Asteroids and comets are the residual material left from the formation of planets in the inner and outer Solar System respectively. Unlike the planets, many retain material relatively unaltered since their formation 4.6 billion years ago. Their current dynamical and physical properties provide information on their formation and evolution.

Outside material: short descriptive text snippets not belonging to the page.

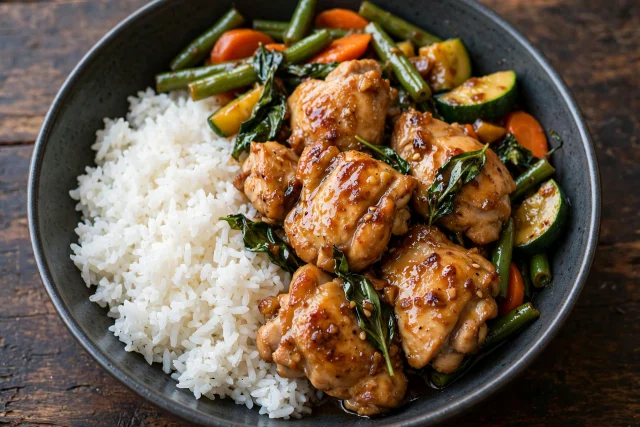 Thai basil chicken over jasmine rice with a fried egg
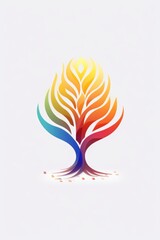 Beautiful , colourful rainbow tree icon, logo for diversity, environment, pretty graphic resource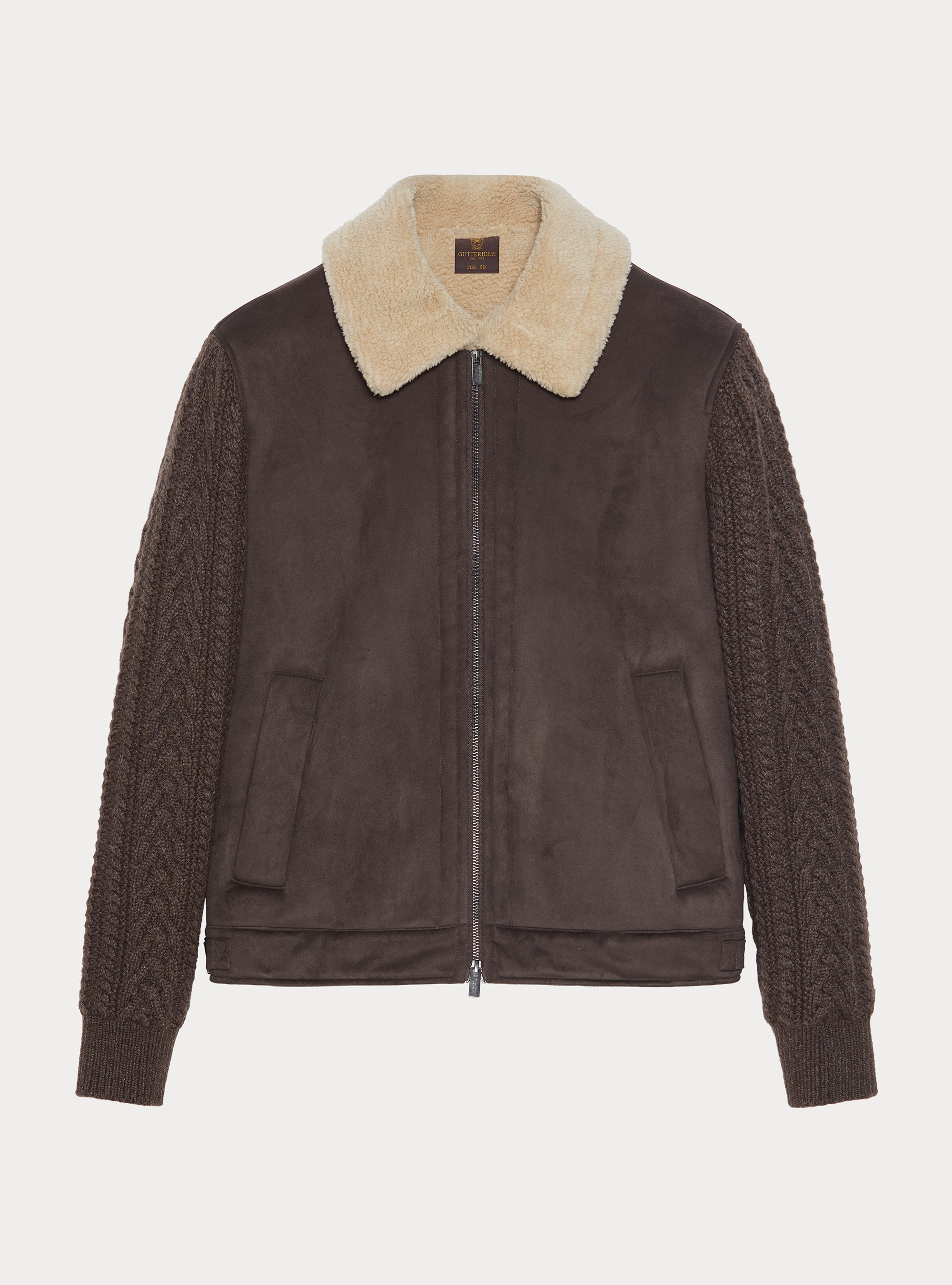 Suede-effect shearling with knit sleeves, BROWN
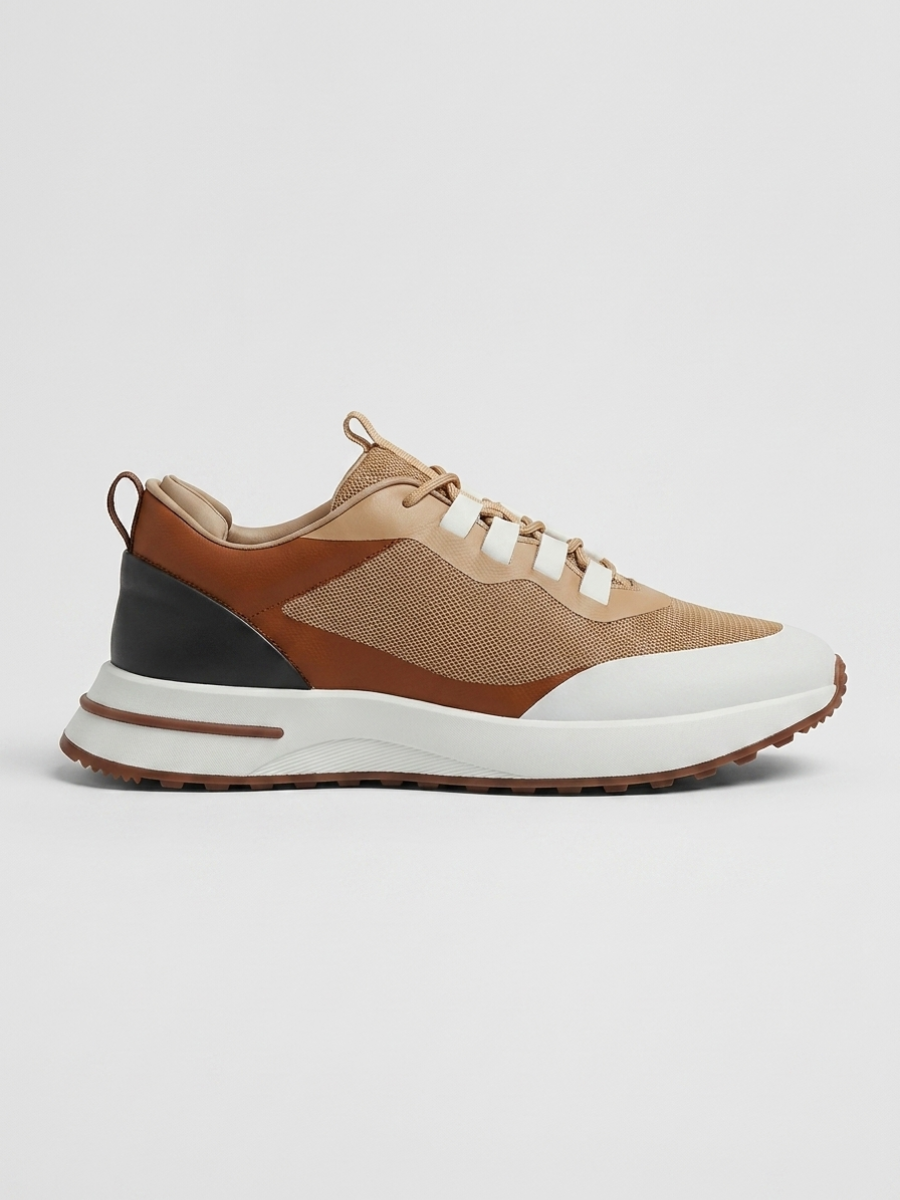 Men’s Cognac Fused Mesh Low Top Walking Sneakers with White Sole, House of Zeno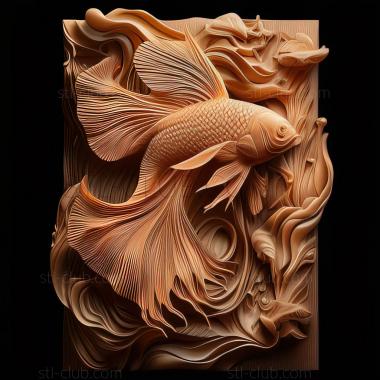 3D model st Delta   tailed fighting fish fish (STL)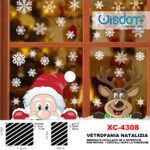 Adesivi natalizi con sfondo Babbo Natale e renna in pvc per finestre e decorazioni dimensioni 50x70cm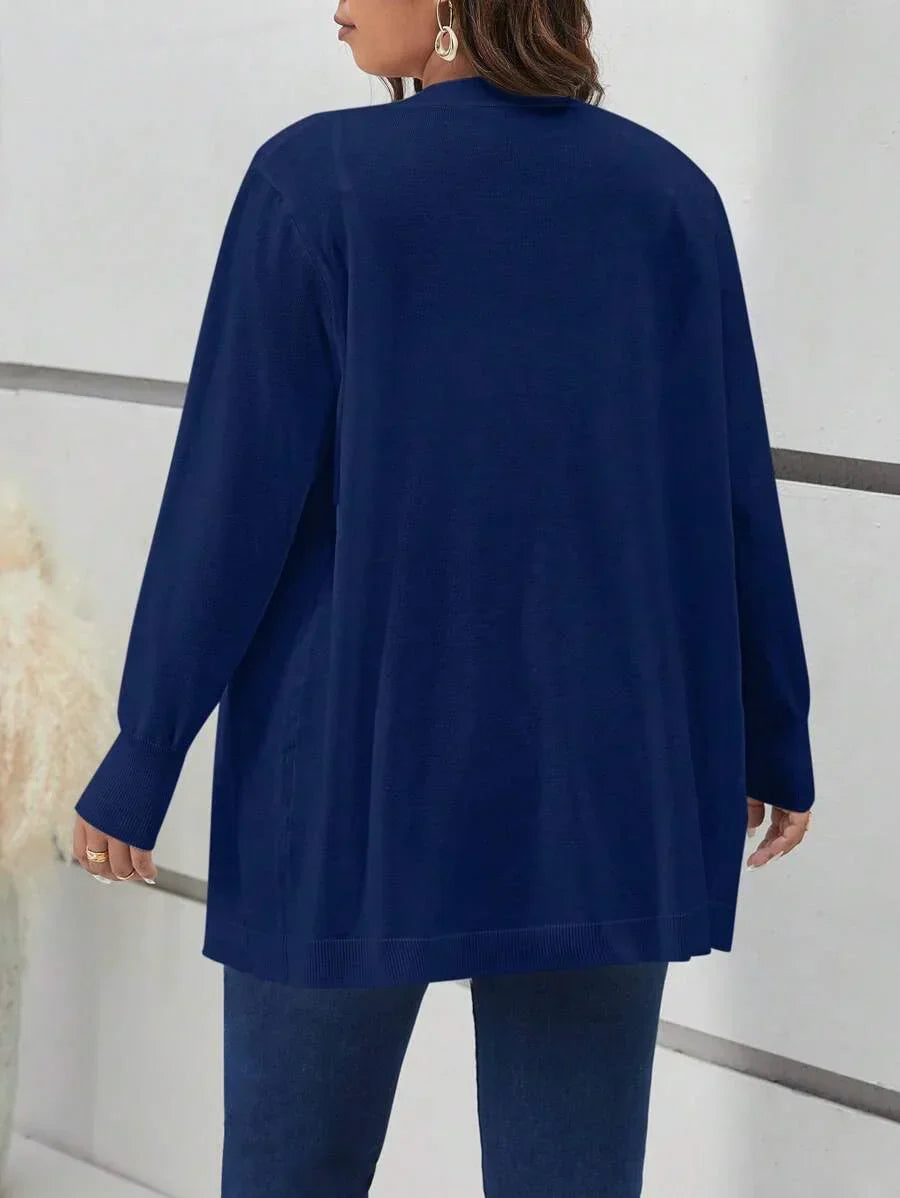 Plus Size Open Front Cardigan Cozy Knit For Fall Everyday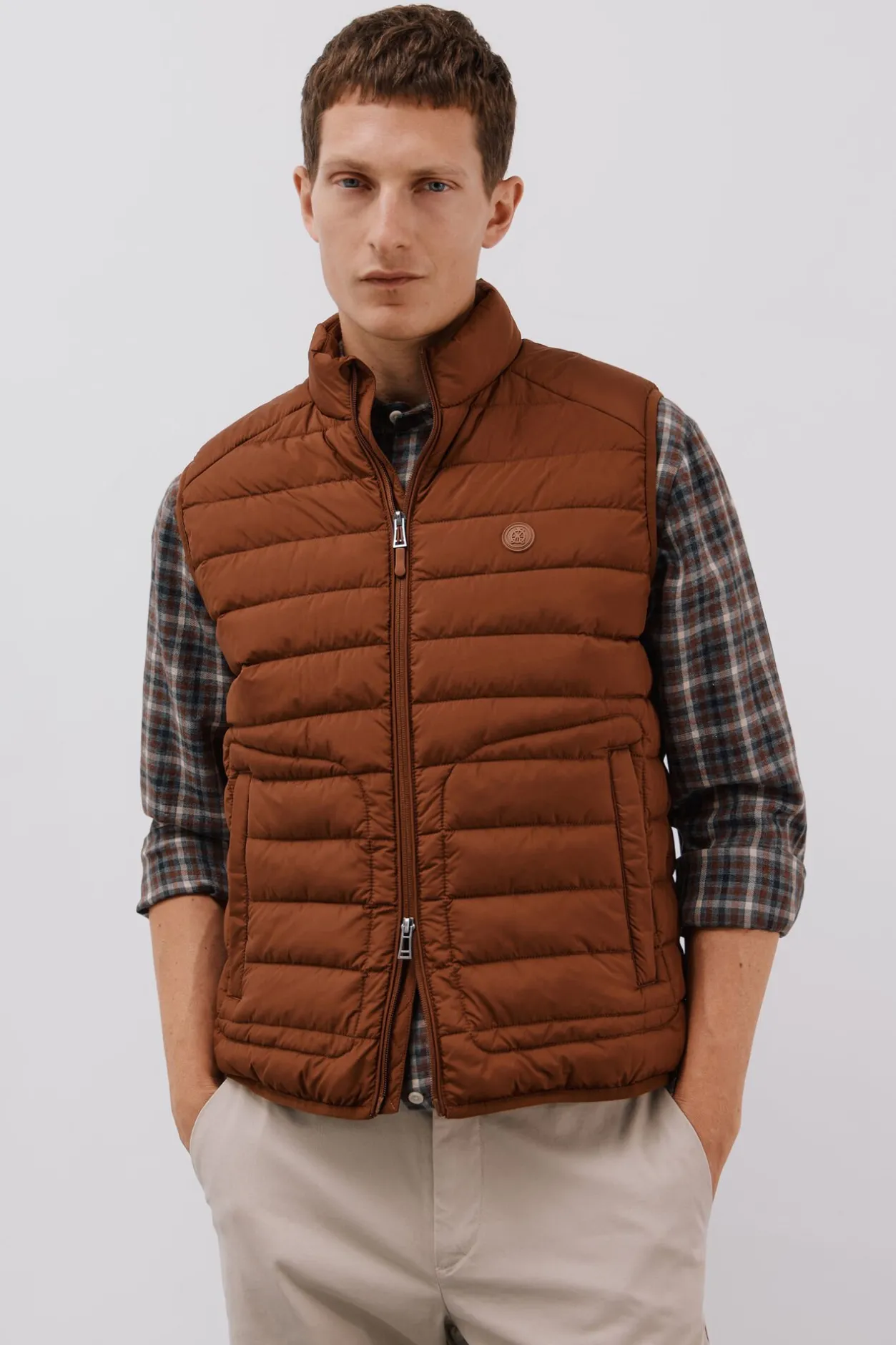 Cortefiel Chaleco acolchado ultralight Marrón Online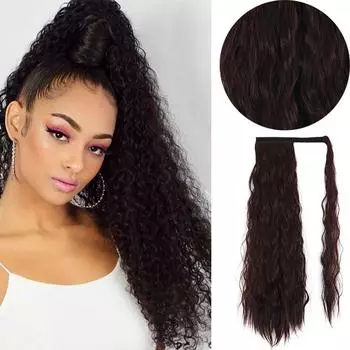 LISI HAIR женский длинный вьющийся парик с хвостиком, кукурузная завивка, наращивание волос, синтетическое волокно, шиньон, обертывание вокруг зажима для волос, ежедневное использование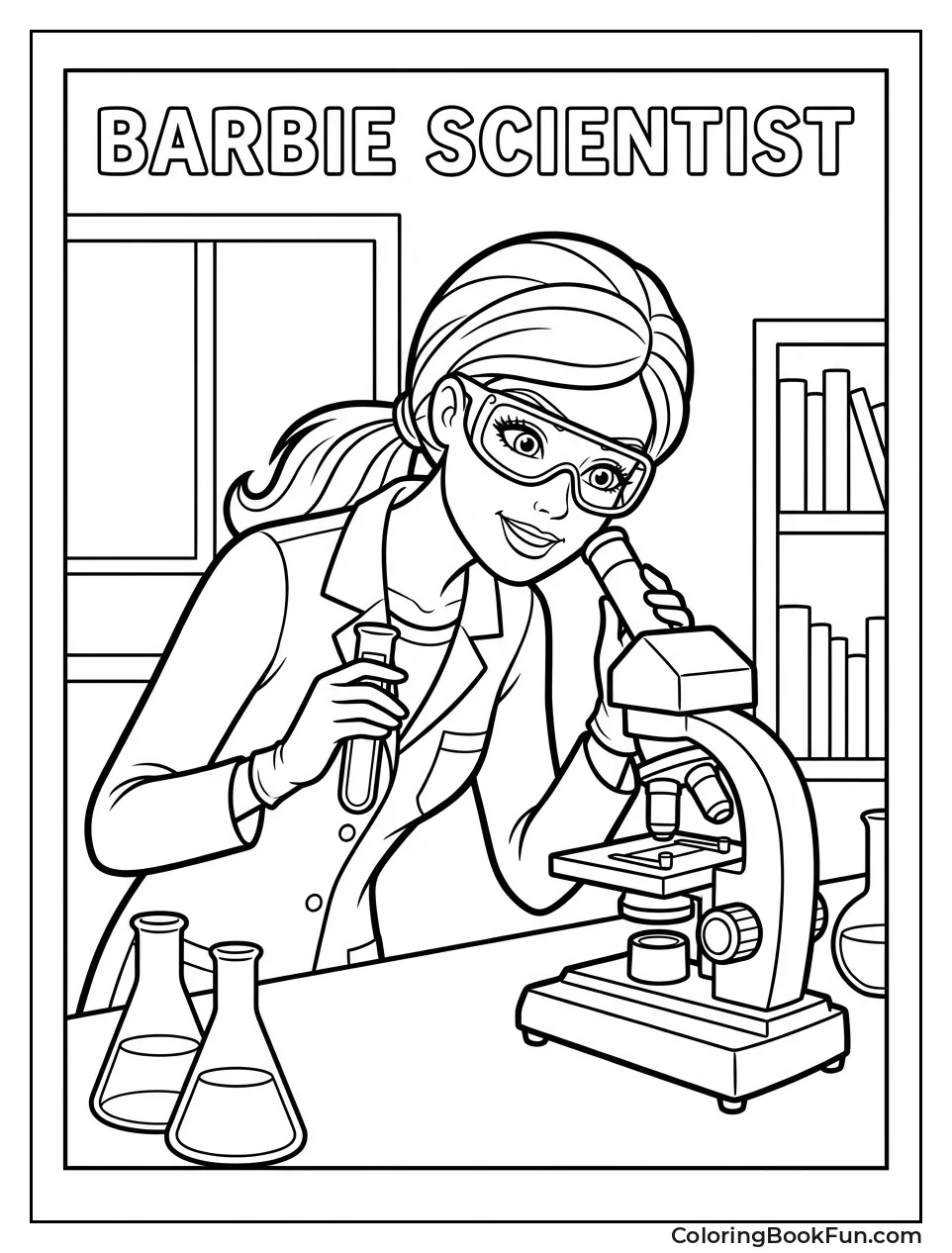Scientist Barbie Uses Microscope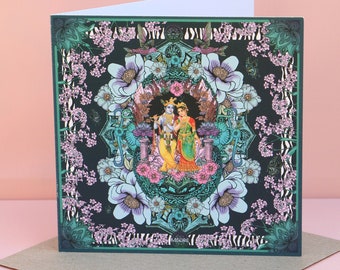 Krishna Radha Indian God Goddess Msdre Greetings Card 15cm Square. Printed in the UK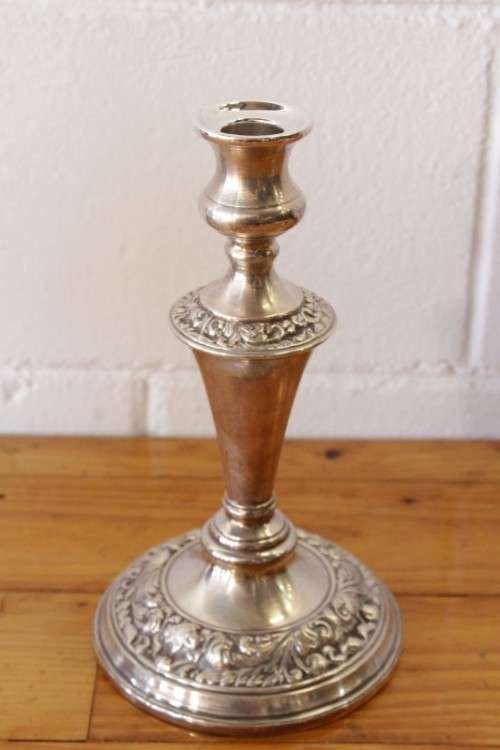 **RS17** Top-quality tall 3-candle silver plated candelabra w twirled arms & interchangeable holders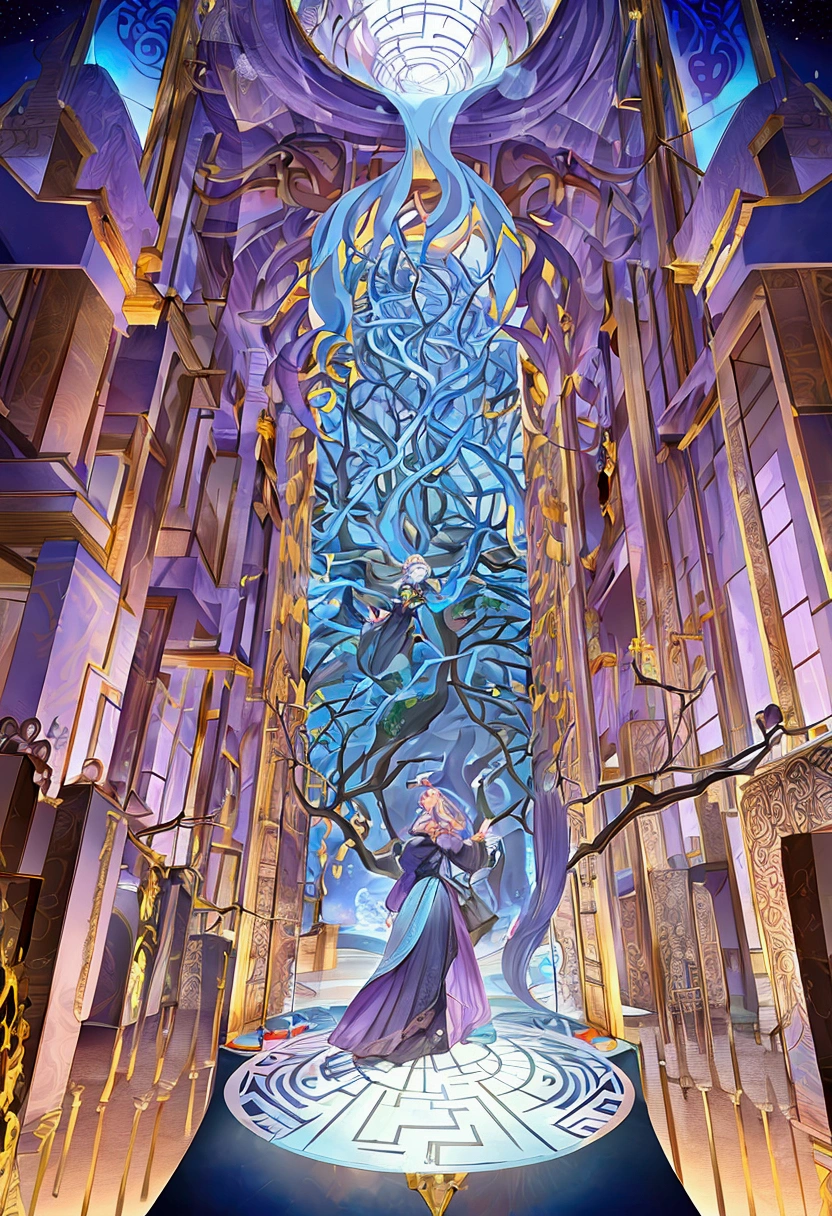 An illustration of a complex maze with several branches., representing a divergent narrative. Inspired by the artistic style of MC Escher., The maze features intricate lines and illusory perspectives.. With a vibrant and contrasting color palette., The labyrinth conveys the idea of different paths to explore.. The facial expressions of the characters inside the maze are of surprise and curiosity.. The lighting is bright and the atmosphere is one of discovery and challenge..--V 5 --Stylize 1000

The group has developed instrumentation for a number of comet missions including Giotto, Stardust and Rosetta, and we are currently involved in the OSIRIS-Rex asteroid sample return mission arriving at near-Earth asteroid (NEA) Bennu in August 2018 and the NASA DART asteroid impactor. We have played major roles in mission studies for ESA including MarcoPolo (NEA sample return), Don Quijote (asteroid impact mitigation test), CASTAway (asteroid main belt explorer). We are lead institute for Castalia (to Main Belt Comet 133P/Elst-Pizzaro) currently in selection phase for ESA’s Cosmic Vision programme.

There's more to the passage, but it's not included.